IBERIAN DAILY 11 JUNE (ANÁLISIS BANCO SABADELL)
NEWS SUMMARY: CHANGES IBEX 35, INDITEX, SACYR.
Flat stock markets
Stock markets remained calm, awaiting relevant macroeconomic data (May’s inflation will be released today in the US) or newsflow on the negotiations with China. In the STOXX 600, the best-performing sectors were Autos and Energy, whereas Banks and Financial Services ended with the biggest drops. On the macro side, in the euro zone, June’s Sentix index climbed more than expected to the highest level in one year, also providing the first positive reading in 2025. In the US, the NFIB SMEs confidence rose more than expected, putting an end to the negative performance of 4 consecutive months thanks to the better expectations in both sales and financial conditions. On another note, S. Bessent (Treasury Secreatary) is being considered as a candidate to replace J. Powell (Fed chairman). Awaiting the approval of D. Trump and Xi Jinping, the US and China have reached a framework agreement on tariffs in Geneva, easing the control of technology and rare mineral exports, respectively. Furthermore, the US and Mexico could be about to agree a reduction of tariffs on steel and curb imports. The Appeals Court will allow in the end the extension of tariffs at least until the 31th of July. In Brazil, May’s inflation moderated slightly more than expected to 5.3% YoY.
What we expect for today
European stock markets would open with losses of around -0.3%, despite the progress in trade negotiations and awaiting the US inflation data. Currently, S&P futures are down -0.3% (the S&P 500 ended +0.3% higher vs. the European closing bell). Asian markets are climbing (China’s CSI 300 +0.9% and Japan’s Nikkei +0.5%).

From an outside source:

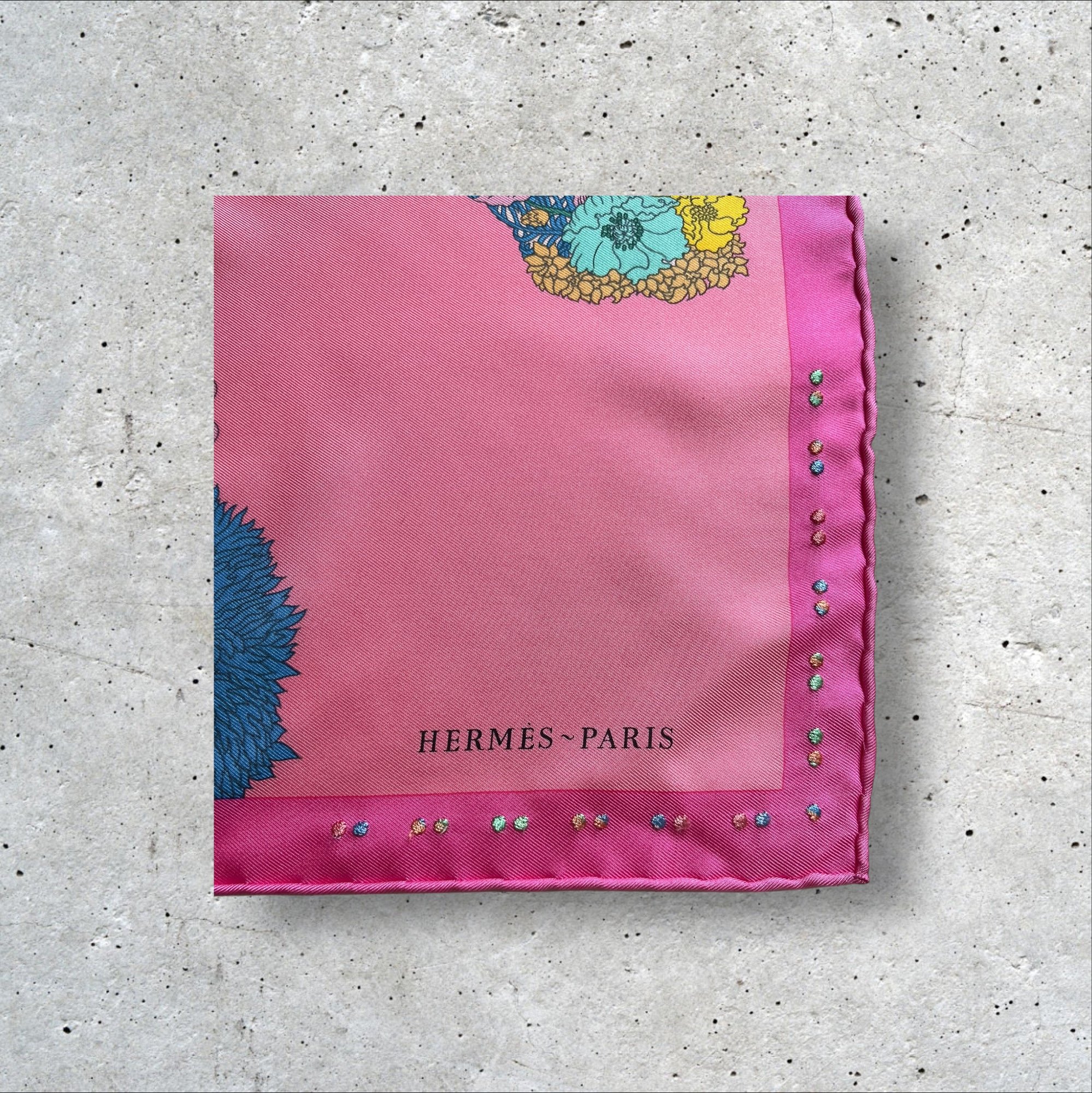 adomimod.com-hermes-gavroche-soie-bleu-rose-jaunePhotoroom_007_20250221_154823.jpg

Today in the US we will learn May’s inflation and in Mexico April’s industrial output.
COMPANY NEWS
INDITEX. 1Q’25 results hit by FX and continuity in the trading update. OVERWEIGHT
The 1Q’25 sales were hit by an FX effect (-2.7%), although on the LfL level (adjusted for the calendar effect; -1.1%) they were in line (+5.3%), meaning acceleration of the growth pace in the second half of the quarter to around +6%. The gross margin remained stable at ~69.6% (-5bps), as expected, whereas costs, although under control, grew slightly at a faster pace than sales (+2.3%). This means EBIT reached € 1.64 Bn (+0.3% vs. 1Q’24 and -25bps in EBIT margin to 19.8%; in line with BS(e) and 19.7% consensus). Indications for 2Q’25 sales growth (01 May – 09 June) show no surprises, rising +6% and confirming the target’25 of a stable gross margin (±50bps vs. 2024; BS(e) and consensus in line), although the negative FX effect was raised to -3% (vs. -1% previously). We do not expect a significant impact.